The idea is to iterate a given hash function h over blocks of B bytes. We typically take B as 64 bytes, i.e., 512 bits. We let $ipad$ = the byte 0x36 repeated B times $opad$ = the byte 0x5C repeated B times $\mathit{HMAC}_k(x) = h(k_p \oplus opad, h(k_p \oplus ipad, x))$

where $k_p$ is obtained from $k$ by appending 0 up to the byte length B. Interestingly, the authors show that if an attacker is able to forge HMAC that he is also able to find collisions on the underlying hash function (even when fed with a random secret as done here). Thus, if the hash function is collision resistant than HMAC is unforgeable.

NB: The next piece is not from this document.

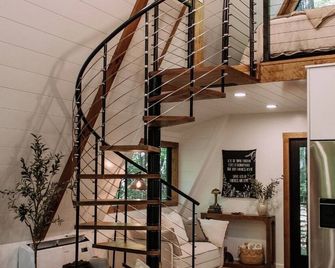 Wilewood A-Frame, Romantic Treehouse Getaway, Hot Tub - Abbeville - Escaleras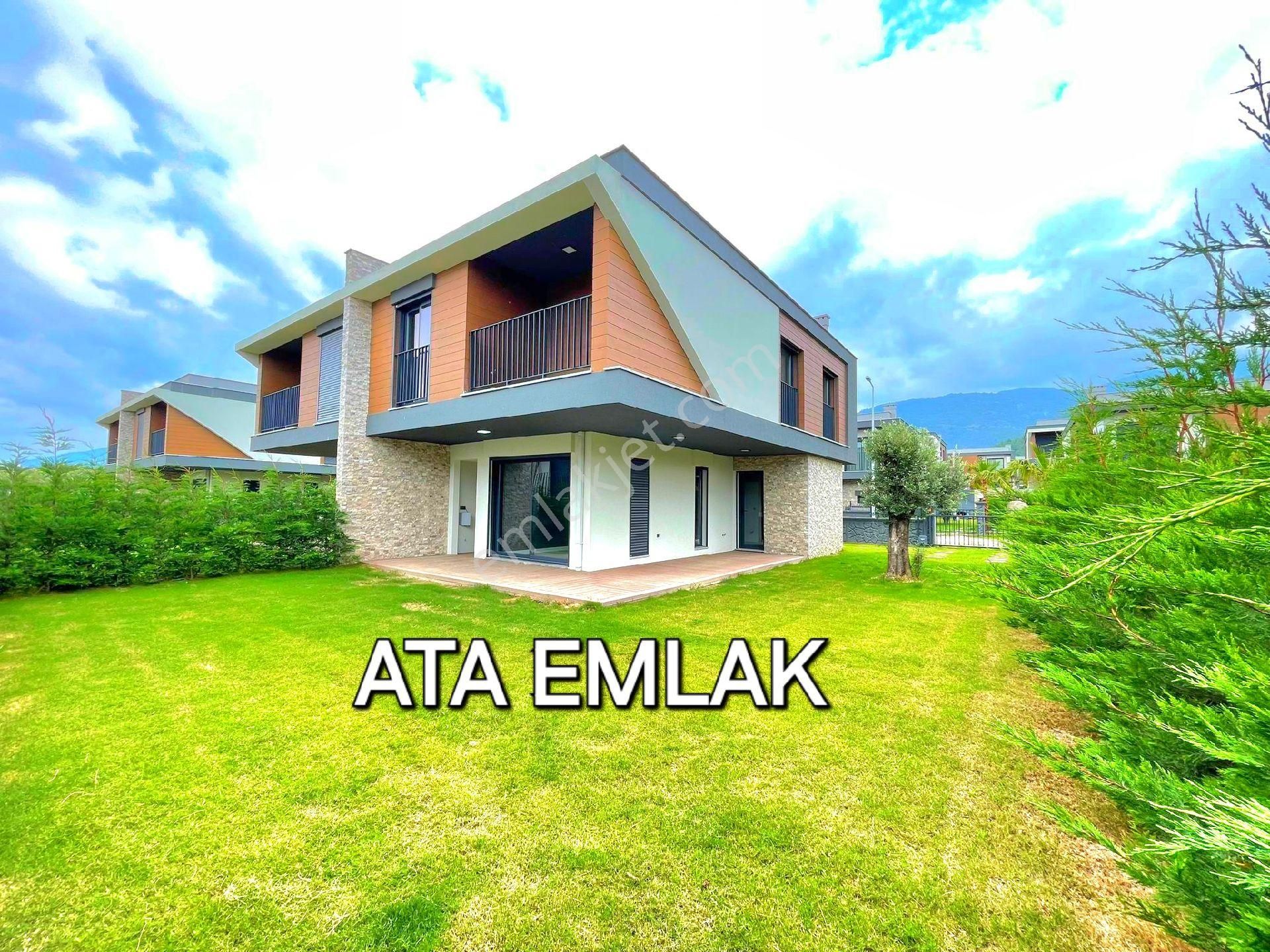 Kuşadasında Havuzlu Sitede Özel Otoparklı Geniş Bahçeli Sıfır Villa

MACs vs. signatures. What is the difference between MACs and signatures given that they seem to provide very similar guarantees? To understand this crucial issue think of Alice sending to Bob a contract $x$. To prove authenticity (the message comes from Alice) she can decide to either sign it as $\mathit{Sig}_{SK}(x)$ with her private key $SK$ or compute a MAC as $\mathit{MAC}_k(x)$ under a key $k$ shared with Bob. After receiving the message, Bob checks the signature or recomputes the MAC to verify its authenticity. What now if Alice denies to have ever sent $x$ to Bob? In other words, has Bob a way to show to to a third party (a judge) that the contract is from Alice? Here it becomes crucial the symmetry of the key: Alice is the only one knowing her private key $SK$ while both Alice and Bob know the shared key $k$. It is clear that, while signature can only be generated by Alice, a MAC can be easily ‘forged’ by Bob. This important difference can be summarized by stating that MACs never provide non-repudiability and, more specifically, they do not allow to prove authenticity to a third party.